*WHAT IS NEEDED:* Print all of the data exactly, but drop the pictures.

*DATA SHOWN:*

____

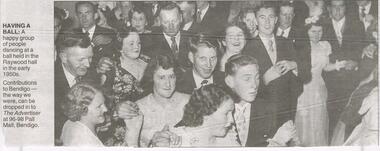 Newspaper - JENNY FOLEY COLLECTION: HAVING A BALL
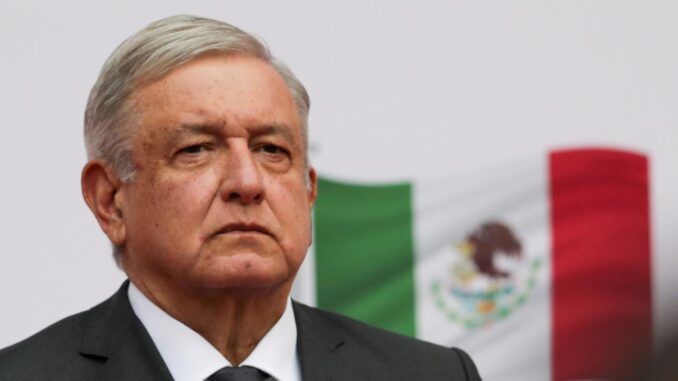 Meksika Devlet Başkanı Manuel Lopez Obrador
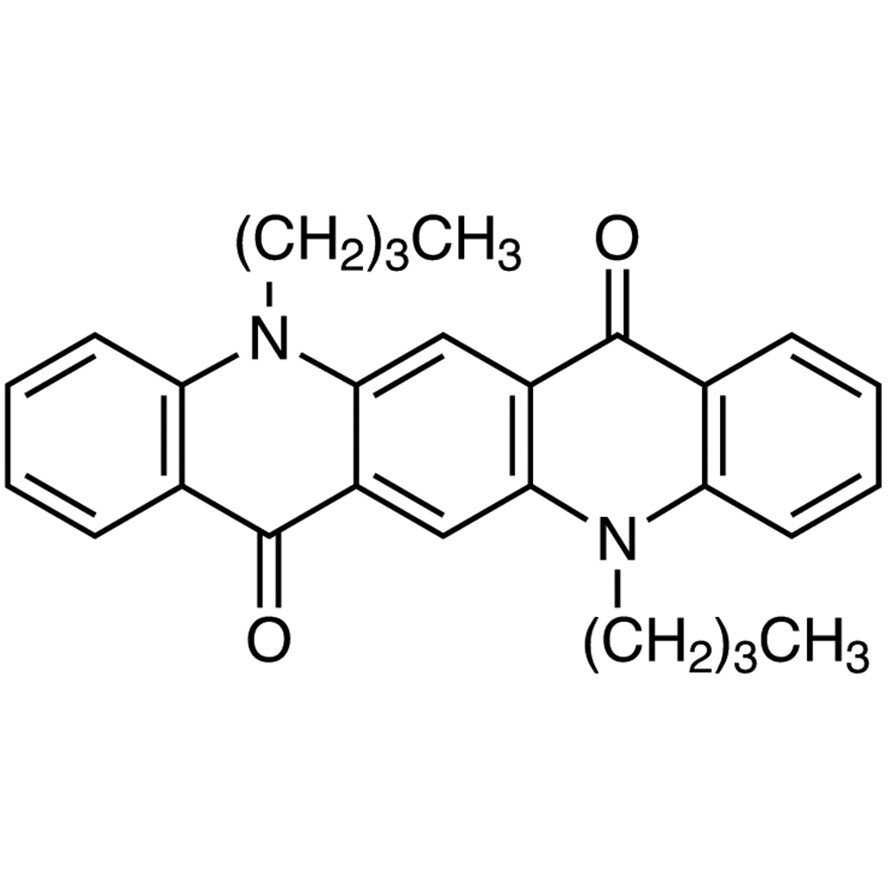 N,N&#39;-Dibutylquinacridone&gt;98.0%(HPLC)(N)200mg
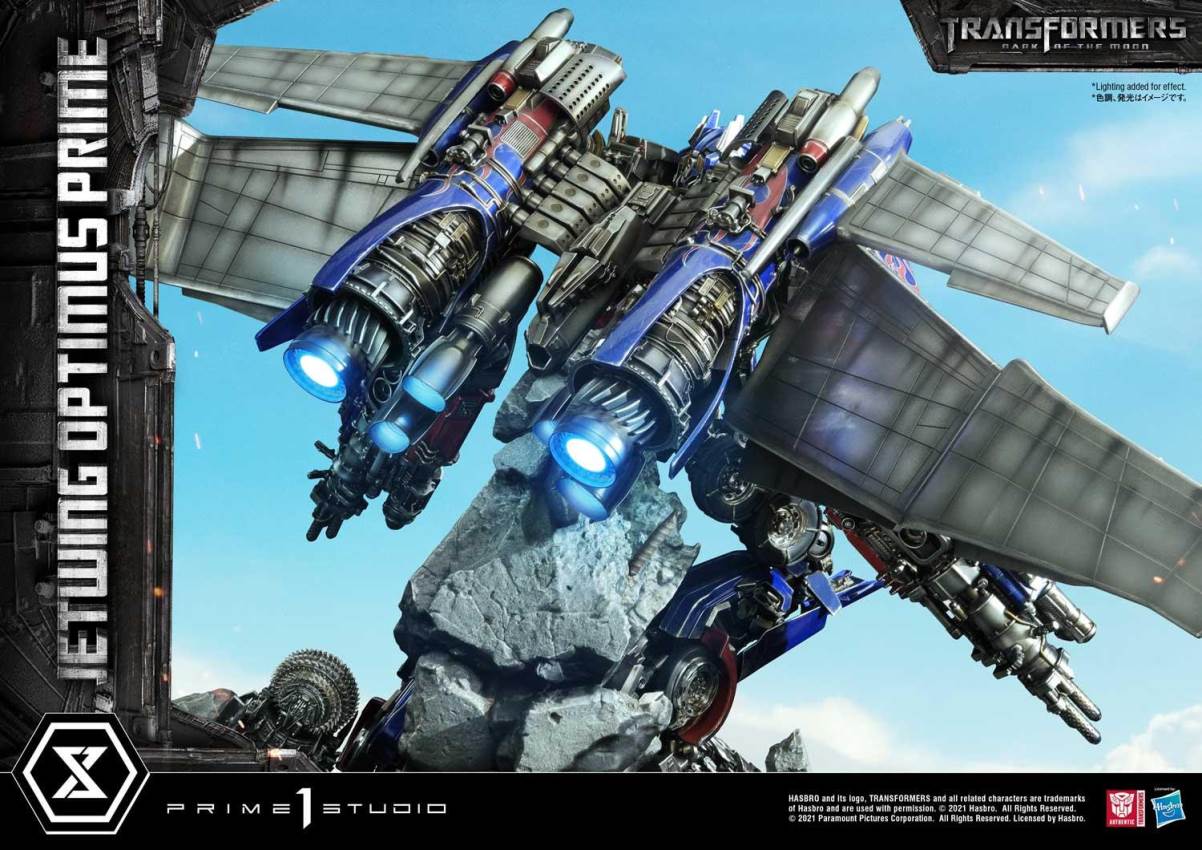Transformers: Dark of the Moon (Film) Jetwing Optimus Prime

____

*RESPONSE AREA:*
 Newspaper - JENNY FOLEY COLLECTION: HAVING A BALL
 Meksika Devlet Başkanı Manuel Lopez Obrador
 N,N&#39;-Dibutylquinacridone&gt;98.0%(HPLC)(N)200mg
Transformers: Dark of the Moon (Film) Jetwing Optimus Prime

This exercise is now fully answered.